Crocidura kornfeldi Temporal range: Late Pliocene–Early Pleistocene PreꞒ Ꞓ O S D C P T J K Pg N

Scientific classification
- Kingdom: Animalia
- Phylum: Chordata
- Class: Mammalia
- Infraclass: Placentalia
- Order: Eulipotyphla
- Family: Soricidae
- Genus: Crocidura
- Species: †C. kornfeldi
- Binomial name: †Crocidura kornfeldi Kormos, 1934

= Crocidura kornfeldi =

- Authority: Kormos, 1934

Extinct species of mammal

Crocidura kornfeldi is an extinct species of shrew that inhabited Central and Southern Europe between the Pliocene and Pleistocene. It is the first species of the widespread, extremely speciose genus Crocidura known with certainty to have colonized Europe.
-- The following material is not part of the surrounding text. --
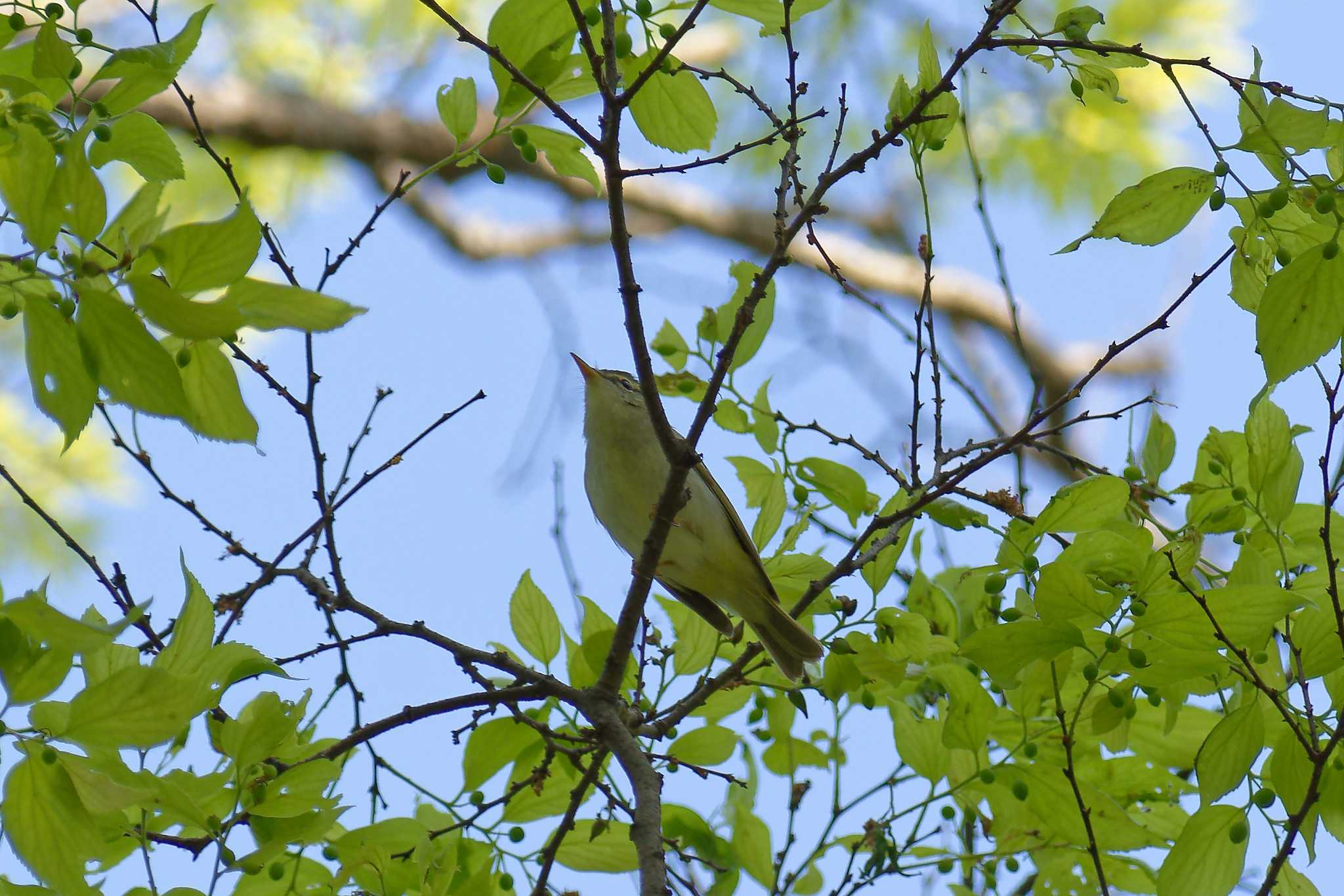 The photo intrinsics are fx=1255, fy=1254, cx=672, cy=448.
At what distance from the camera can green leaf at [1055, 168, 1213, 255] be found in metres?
2.11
It is a widespread, well-documented species, with fossils known from Spain, Italy, Greece, Hungary, Romania, and Crimea.

C. kornfeldi went extinct early in the Pleistocene, disappearing from the Iberian Peninsula around the boundary between the Early and Middle Pleistocene, possibly due to competition with newly-arriving species such as the modern greater white-toothed shrew (C. russula), lesser white-toothed shrew (C. suaveolens), and bicolored shrew (C. leucodon). However, the extant Cretan shrew (C. zimmermanni) bears a very close morphological similarity to C. kornfeldi, and for this reason may be a relict descendant of C. kornfeldi.